Don Eusebio había llegado a Fuensanta en los días de las mujeres rapadas y el baile de los cementerios, cuando a los de mi pueblo se los llevaban a fusilar a Martos, y a los de Martos a Torredonjimeno, y a los de Torredonjimeno a Los Villares, y a los de Los Villares los traían a mi pueblo. El venía del suyo, una aldea de Palencia donde sólo se habían enterado por los periódicos de que en el resto de España había una guerra. Quizás por eso le resultó tan fácil no ver, no oír, no saber nada de lo que pasaba de madrugada, los camiones que se cruzaban en la carretera, las descargas de los fusiles contra las tapias, el resonar apresurado y silencioso de los zapatos de las mujeres que llegaban después para intentar recuperar los cuerpos, y casi nunca los encontraban ya, y volvían a sus casas más cansadas, más despacio, más muertas que vivas. Eso fue lo que le reprochó Elías, que había perdido a un hermano en aquel viaje, y el maestro le dijo que no volviera más.
En aquella época, Regalito no era sólo el mejor alumno que tenía, sino también el más raro, el más especial de todos. El hijo de Pesetilla sólo había ido a la escuela durante unos años, de pequeño, pero después había empezado a asistir por las tardes a las clases gratuitas que el maestro de antes de la guerra daba en la Casa del Pueblo, hasta que los dos comprendieron a la vez que así no hacía más que perder el tiempo. Desde entonces estudiaba por su cuenta. El maestro le daba libros, hablaba con él, resolvía sus dudas, le ponía a prueba, y todos los años, en junio, le acompañaba a Jaén, donde su alumno se examinaba por libre en el instituto y aprobaba siempre con buena nota. Hasta que se acabó todo, al maestro lo fusilaron en el cementerio de Martos, como a los demás, y Elías cometió el error de intentar salvar algún mueble de aquel naufragio.

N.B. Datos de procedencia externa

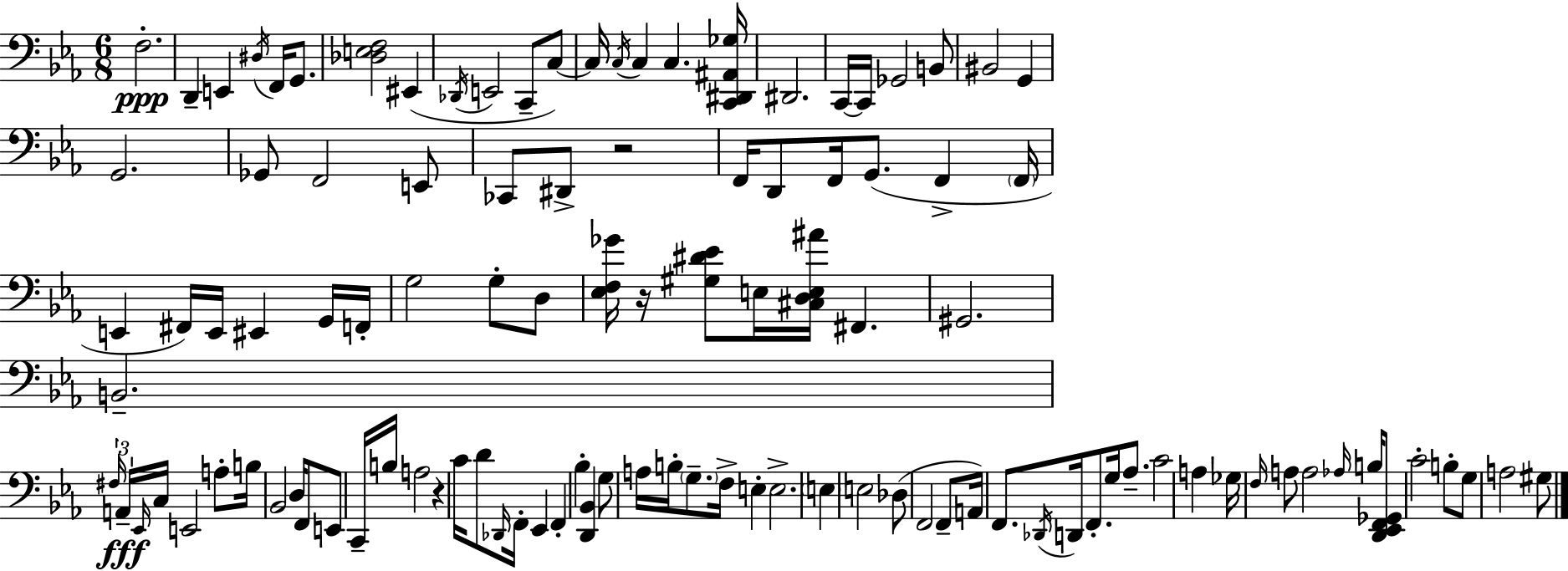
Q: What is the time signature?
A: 6/8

Cuando le abordó un domingo, a la salida de misa, don Eusebio se sorprendió tanto que apenas logró reaccionar. No se lo esperaba, nadie habría esperado algo así de un muchacho como él, un invisible, de una familia de invisibles, la flamante casta de los que sólo aspiraban a vivir como si fueran sombras, hombres y mujeres borrosos, corpóreos a su pesar, que habrían dado cualquier cosa por adquirir la feliz sustancia de los camaleones y volverse pared al pasar junto a una pared, y hacerse madera con los troncos de los árboles, aire al cruzar una calle, para que nadie les reconociera, para que nadie se acordara de que existían, para que a nadie se le ocurriera pronunciar sus nombres en ciertas casas, ciertas noches sombrías que se iban espesando, volviéndose rojizas, ásperas, puntiagudas, alrededor de una sola palabra, escarmiento. Nadie habría esperado algo así, pero Elías esperó a don Eusebio, se presentó ante él, y le dijo que quería sacarse el bachillerato, y que no podía hacerlo solo. No me dejan matricularme por mi cuenta, le explicó, como si el maestro no lo supiera, pero si usted me presentara… En aquel momento, ya se había formado un corro considerable de vecinos atónitos y expectantes, entre los que estaba mi madre conmigo en brazos. Ella lo recordó en voz alta después, muchas veces, que don Eusebio se quedó callado, que miró a su alrededor, y luego a Elías, y otra vez a la derecha, a la izquierda, al suelo, al cielo, y salió de aquel atolladero por una puerta que nadie imaginaba y que nadie entendió, salvo aquel que se hallaba al otro lado.